*WHAT THE TASK ASKS*.
Quote every line below exactly and skip any picture.

*DATA*.
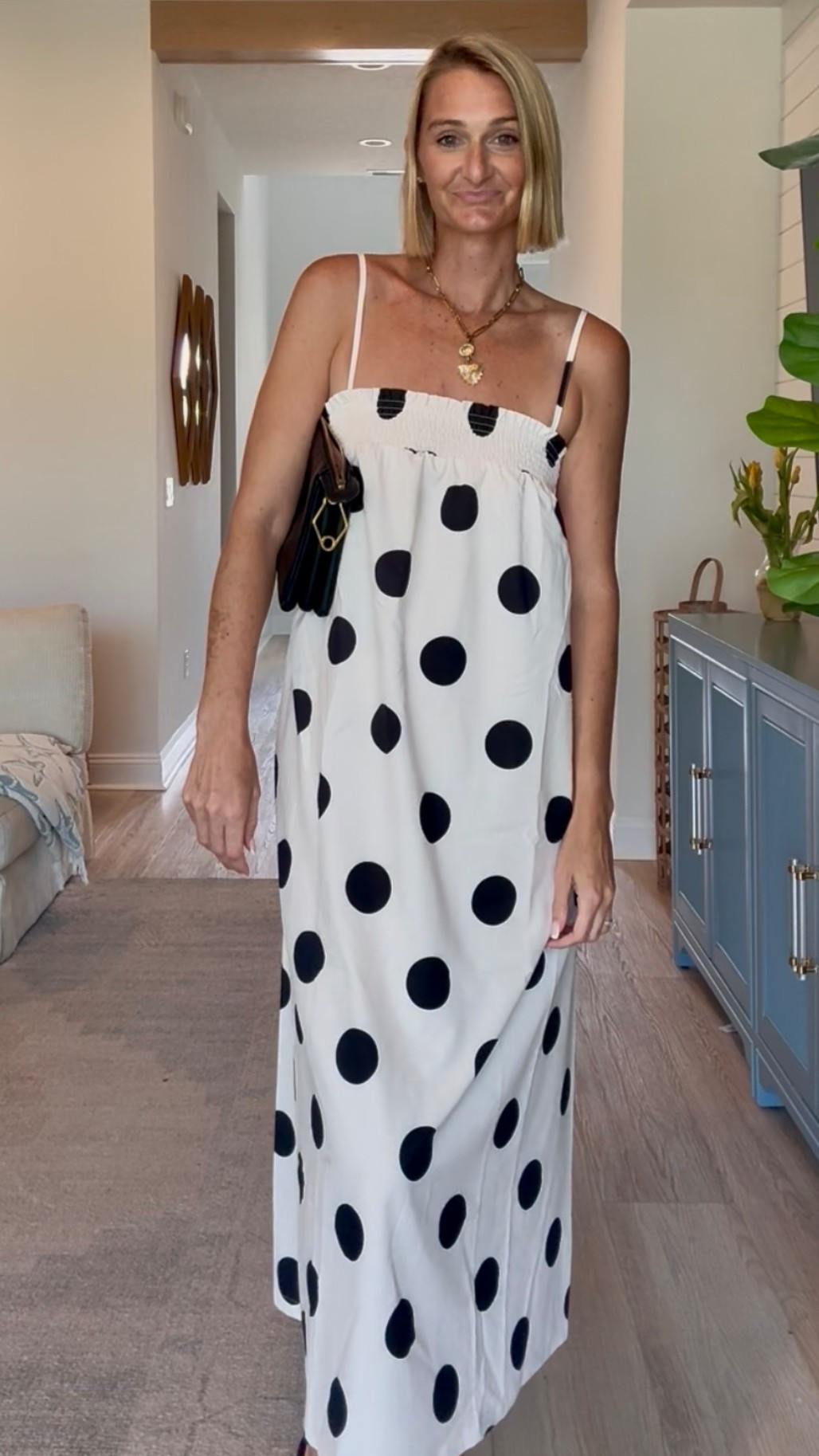 Love this maxi dress! Double lined, adjustable straps and pockets. Bump friendly 

#bumpfriendlydresses#maxidress#summerdress



#LTKSeasonal #LTKBump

*WRITTEN RESPONSE*.
 Love this maxi dress! Double lined, adjustable straps and pockets. Bump friendly 

#bumpfriendlydresses#maxidress#summerdress



#LTKSeasonal #LTKBump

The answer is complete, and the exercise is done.